## Entropy Chapter 9 #7

Volume: $\Delta S = nR\ln \frac{V_{2}}{V_{1}}$
Temperature: $\Delta S = nC\ln \frac{T_{2}}{T_{1}}$

Jonathan Orozco 1A
Posts: 9
Joined: Wed Sep 21, 2016 2:58 pm

### Entropy Chapter 9 #7

Hello everyone i was wondering any one could send me in the right direction as to which formula to use for question #7 chapter 9.

Question #7: Assuming that the heat capacity of an ideal gas is independent of temperature, calculate the entropy change associated with raising the temperature of 1.00 mol of ideal gas atoms reversibly from 37.6 C to 157.9 C at (a) constant pressure and (b) constant volume.

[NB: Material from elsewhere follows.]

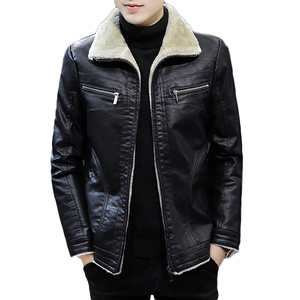 2021冬季加绒皮衣男帅气机车服夹克外套XZ313B-1- PY2910-P120图片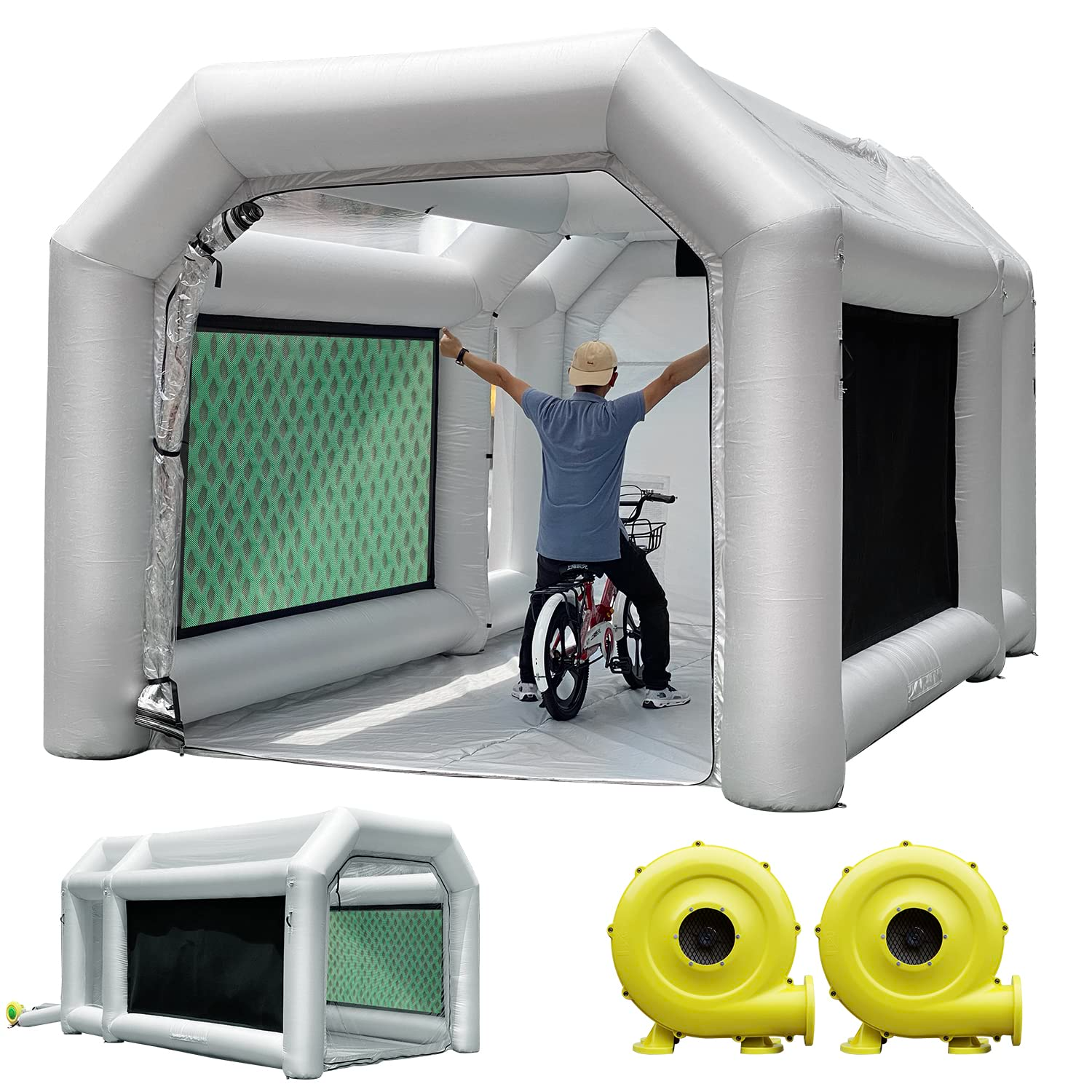 WARSUN 14x10x8.5Ft Inflatable Paint Booth with Oversized&Double Air Filters System Inflatable Spray Booth with 480W+240W Blowers Portable Spray Paint Booth Tent for Auto Parts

Thank you in advance, and have a great day!

Daniel Dobrin 2F
Posts: 12
Joined: Sat Jul 09, 2016 3:00 am

### Re: Entropy Chapter 9 #7

You would use basically the same formula for both parts of the question.
For constant pressure, use:
Delta S = n*Cp*ln(T2/T1), where Cp signifies a constant pressure.

For constant volume, use:
Delta S = n*Cv*ln(T2/T1), where Cv signifies a constant volume.

Since it tells us we're dealing with ideal gas atoms, we're gonna change the Cp and Cv. On the formula sheet, it says that for monatomic ideal gases, Cp = 5/2*R and Cv = 3/2*R, where R is the gas constant (8.314 J/K/mol).

Hope this helps! :)